Um dos clichês mais batidos no cinema, principalmente nos velhos filmes de faroeste, mostra uma pequena cidade do interior na santa paz do Senhor, meninos tomando banho numa cachoeira, o sino da igreja tocando alegremente, chamando os fieis para o ofício religioso, o dono do bar servindo um refrigerante inocente para o carteiro da comunidade, numa mesa redonda, quatro cowboys jogando damas, uma velha vitrola fanhosa tocando "Oh, Suzana", um cachorro tomando sol e olhando um passarinho.

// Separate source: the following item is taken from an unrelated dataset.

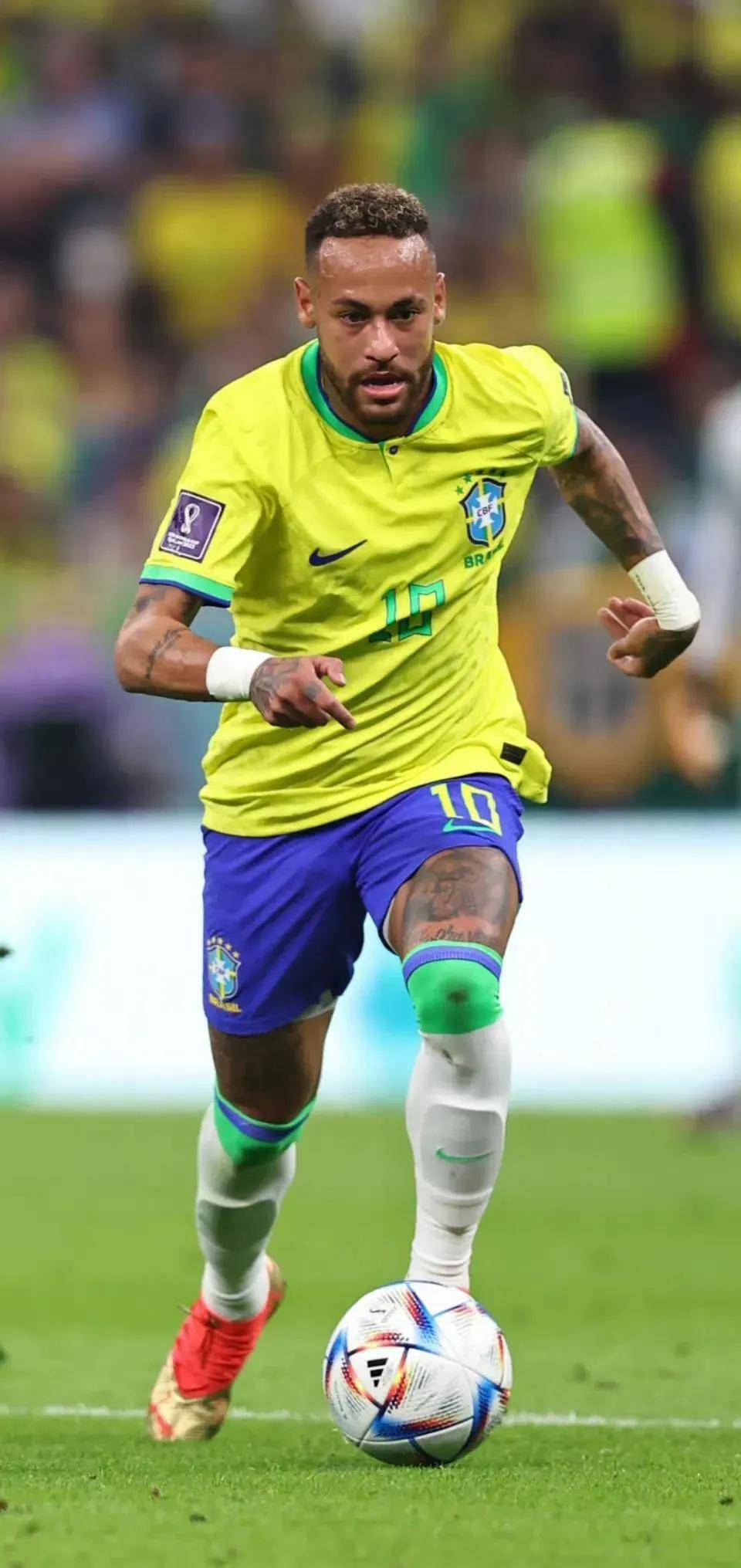 中甲半场：向余望推射中柱，重庆铜梁龙暂0-0上海嘉定汇龙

De repente, entra em cena o pistoleiro mais famoso das redondezas, cuja cabeça está a prêmio. Pronto. Está aberta uma carnificina. Tiros e socos. Alguém dá uma pedrada no sino da igreja. Não há missa porque o vigário fugiu com a mulher do xerife. Dois homens armados assaltam a agência do banco local.

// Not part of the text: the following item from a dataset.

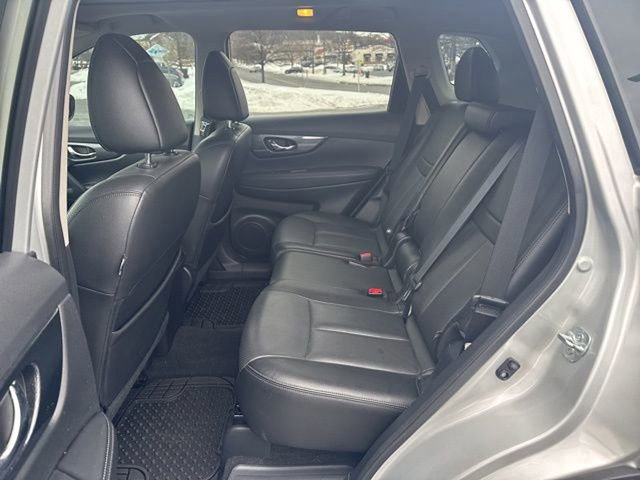 Used 2016 Nissan Rogue SL w/ SL Premium Package image 18
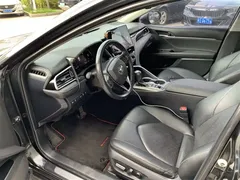 2021 Toyota Camry 2.5S Fashion, чёрный — фото 4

O clichê está se repetindo, não na tela de um cinema, mas na vida real do nosso governo e da nossa sociedade. Oficialmente, tudo está perfeito, os aeroportos são iguais aos do Primeiro Mundo, a inflação está dominada, a corrupção foi punida, não há risco de apagão, a Copa do Mundo está garantida, a violência é coisa do passado.
Nesta semana, a presidente do Brasil contestou publicamente um de seus ministros que considerou uma de suas obras (a maquiagem do aeroporto JK) como digna de um país do primeiríssimo mundo.

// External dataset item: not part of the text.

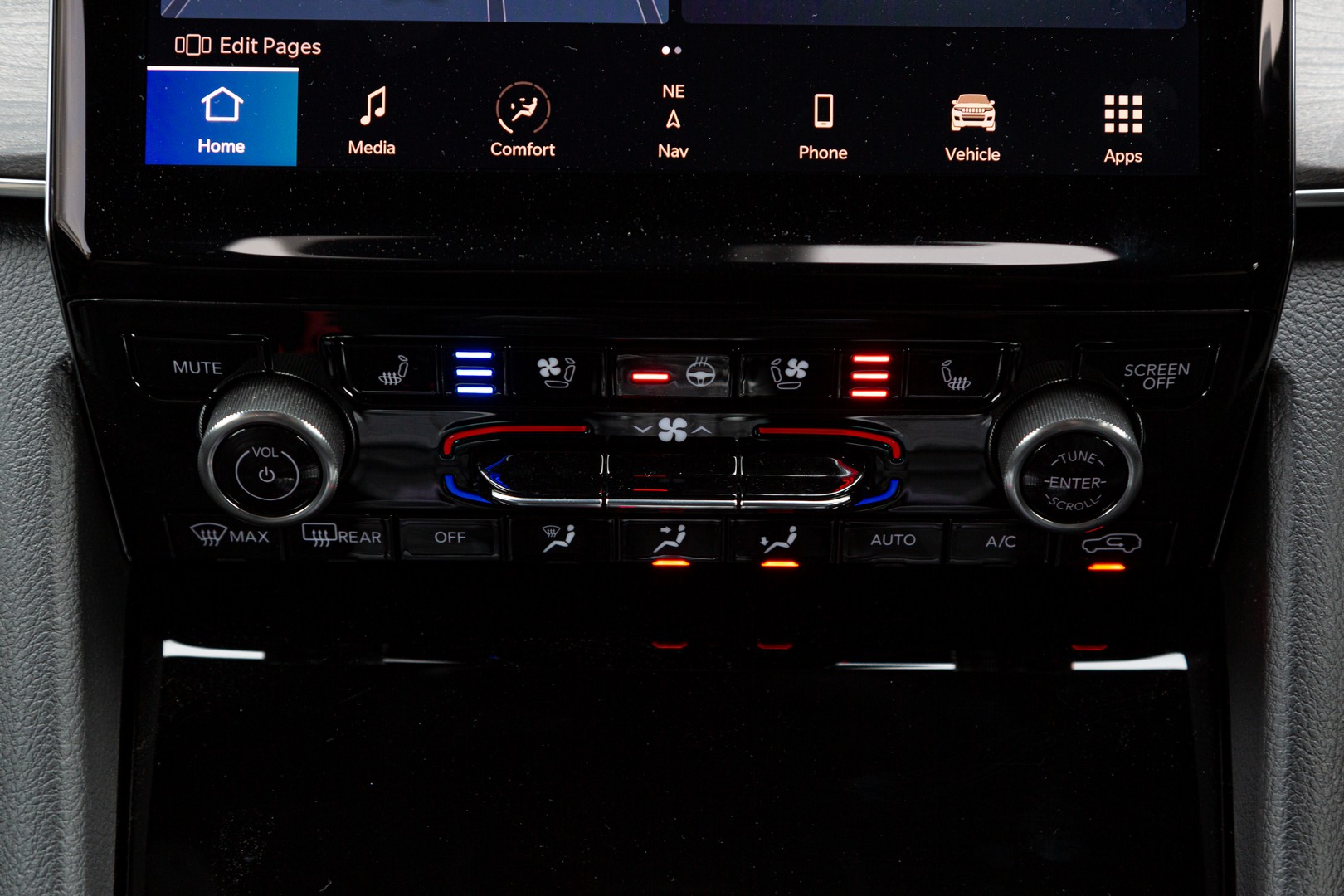 Jeep Grand Cherokee 3.6 4x4 Overland climate and audio control console.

Enquanto as duas autoridades não chegam a um acordo, os acessos dos aeroportos, em geral, estão longe de qualquer mundo. O mesmo pode ser dito sobre os estádios, o trânsito nas grandes cidades, a desconfiança do povo na honestidade de seus dirigentes.
Tal como nos clichês cinematográficos, o Brasil está vivendo uma era de ouro em que todos estão satisfeitos, os sinos badalam festivamente e não há cabeças a prêmio.